R U OK? This simple question can help
Published: 8 September 2016
Social workers who work in mental health see R U OK Day as a great opportunity for the community to engage with friends, family and colleagues in conversations about their wellbeing, says National President of the Australian Association of Social Workers, Professor Karen Healy AM.
“Social workers are at the forefront of providing mental health supports and understand the importance of raising awareness and opening a dialogue about issues that many people find very difficult to discuss,” said Professor Healy.
Recent Australian Bureau of Statistics data shows that suicide is on the increase and is the leading cause of death for Australians aged 15-44 years. Even more concerning, has been the marked increase in the number of young women and individuals aged 55-64 dying by suicide. That’s why days like R U OK? Day are so important.
Professor Healy says the AASW has continually advocated for greater resourcing of mental health support services, including information and awareness-raising initiatives.
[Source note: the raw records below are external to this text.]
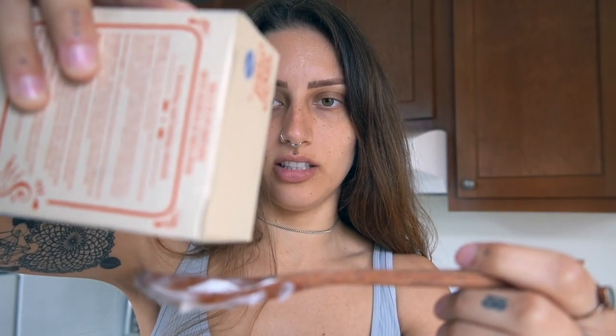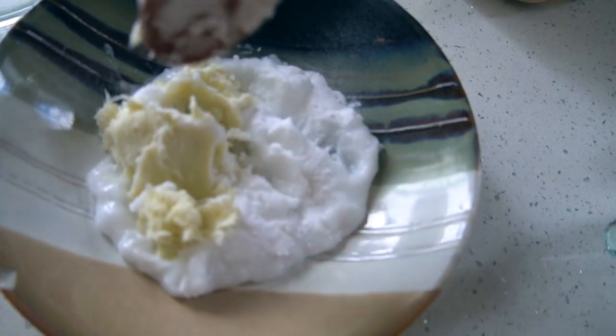Next I'm going to take about three tablespoons of baking soda. It's really hard to get this on camera and do it at the same time — I'm also not that great at angles when filming. I probably should have melted the shea butter beforehand.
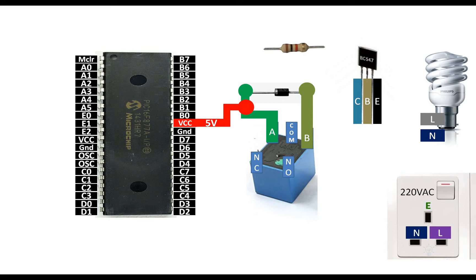If this relay were 12-volt or 24-volt, you would need to supply that corresponding voltage. But this relay triggers at just 5 volts since it's a 5-volt coil. Now connect the B pin of the relay to the collector pin of the BC547.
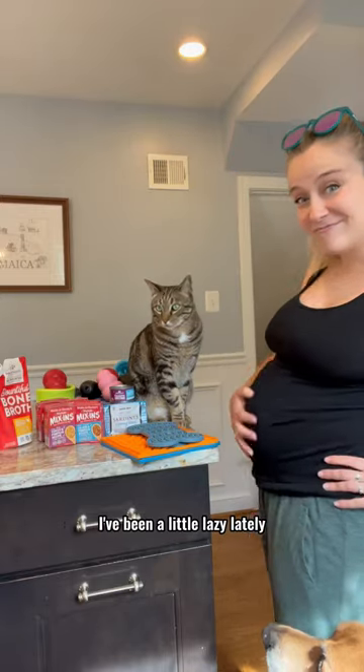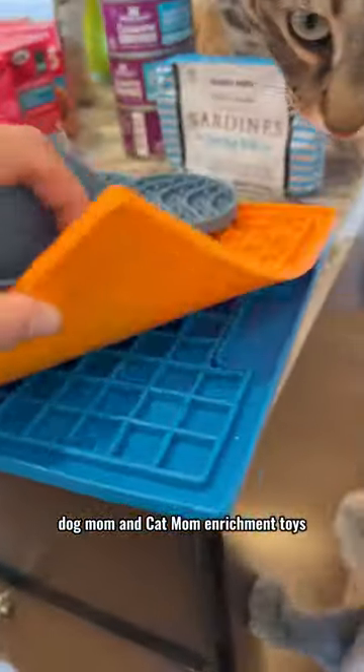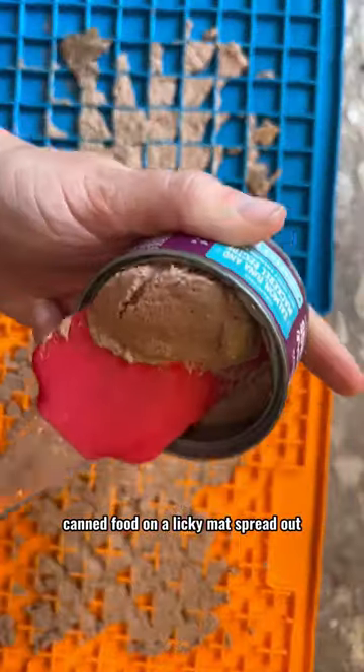For some reason I've been a little lazy lately, so I'm gonna make my pets some lazy dog mom and cat mom enrichment toys. The cats are getting a complete meal on a licky mat. We are using the Stella and Chewy's wet canned food on a licky mat, spread out.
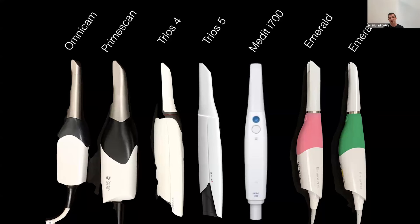There are lots of great options for intraoral scanners on the market now — from Dentsply Sirona's Omnicam and Prime Scan, to the Trios 4, 5, and new Trios Core, the Medit i700 and new i900, and the Emerald and Emerald S from Planmeca. The question is: is one scanner more accurate or better than the others?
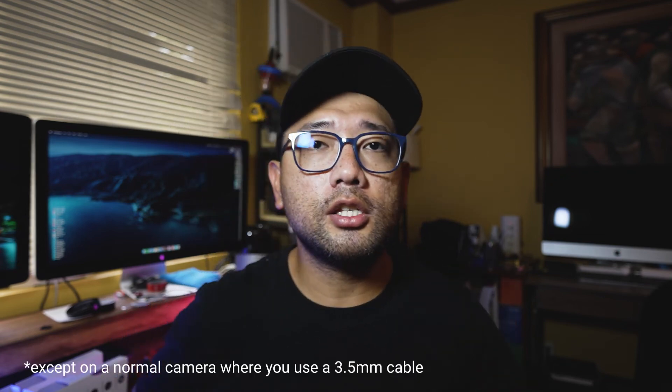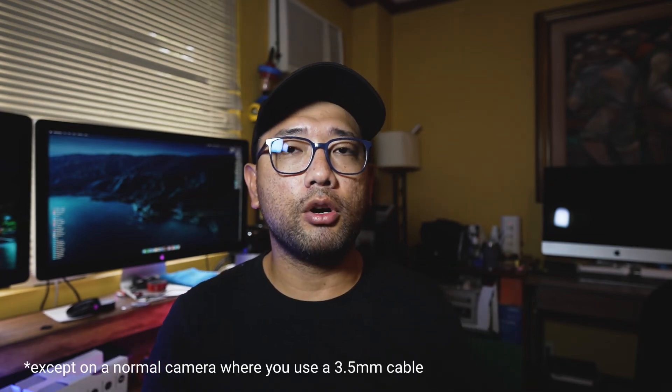The Rode VideoMic Go 2 is not a powered microphone — I forgot to tell you earlier. The microphone draws its power from the device. It draws the power from the device — so from your iPhone, or from your laptop. Or kapag sa camera pala, gagamitin mo lang yung 3.5 millimeter input.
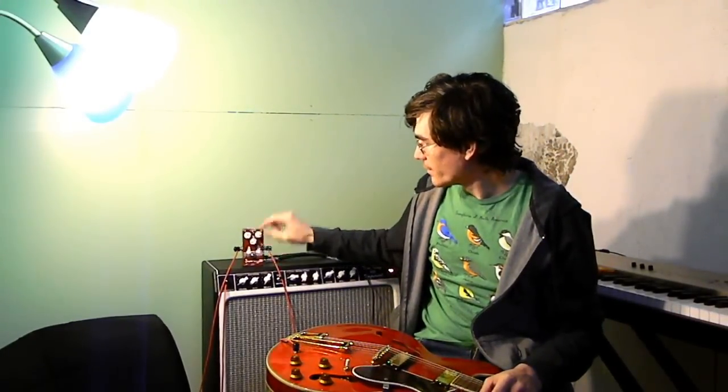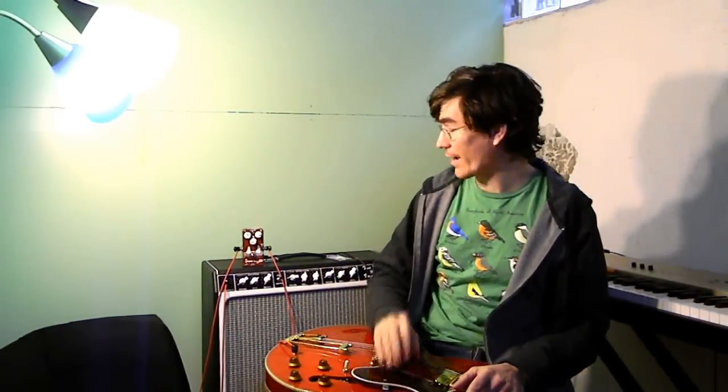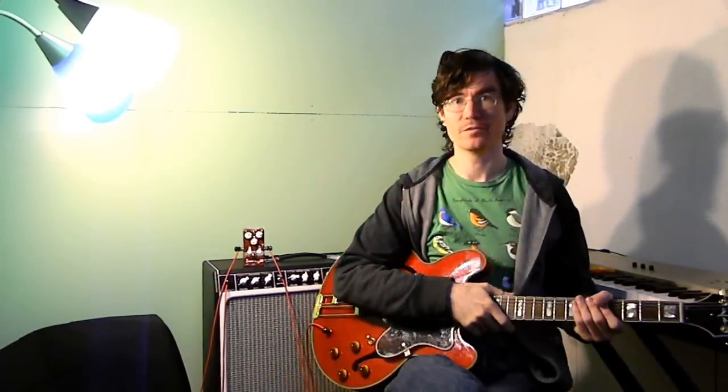I'm going to start off on a clean setting — gain is at 9 o'clock, volume's at 3, and tone is at noon. I'll be going through the tone settings because the clean settings are the best place to hear that. The tone is just before the MOSFET section, so before most of the clipping, so it doesn't cut a lot of the harmonics created after that stage. I'm on the lead channel of the amp, mid-bite is off, tone is at 7, volume is at 2 — nice and clean with a flat EQ.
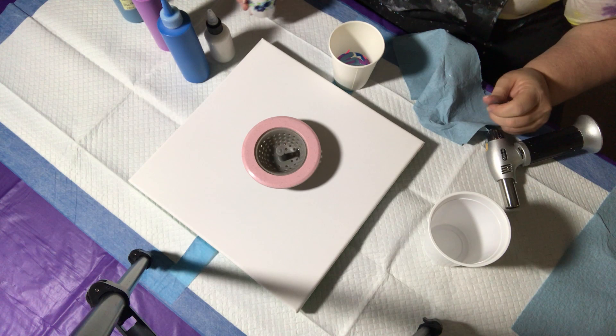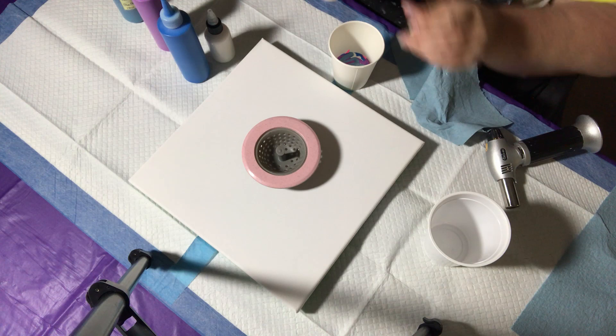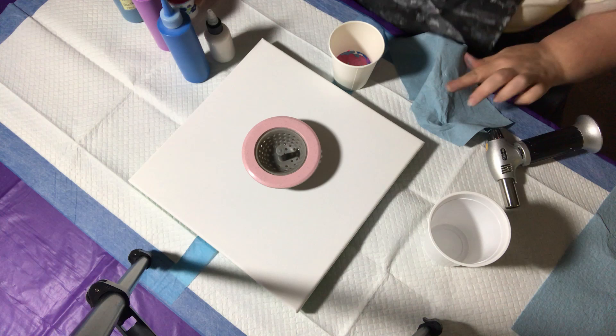I don't want too much of that because it has a tendency to take over a painting. And then I've got a new color — Deco Art Extreme Sheen Pink Tourmaline. Isn't that a beautiful color? Just so beautiful. I just got this in with my latest delivery from Michael's and I thought I've got to use it in a painting. A little bit more of the Pearl White.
“People access support from a wide range of services, but sometimes the most meaningful interventions are when friends and loved ones simply ask how someone is going,” Dr Healy said.
R U OK? Day is also about helping individuals, friends and loved ones access the necessary services.
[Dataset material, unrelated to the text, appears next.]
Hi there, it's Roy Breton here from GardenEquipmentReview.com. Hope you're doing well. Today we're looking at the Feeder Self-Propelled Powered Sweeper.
“All Australians should feel like they are not alone and that there are a whole range of services and pathways available to them,” Professor Healy said.
The AASW encourages anyone seeking support to contact Lifeline 13 11 14, MensLine 1300 78 99 78, Kids Helpline 1800 55 1800 or visit their GP.
The Australian Association of Social Workers represents over 10,000 professional social workers, many of whom work at the forefront of mental health.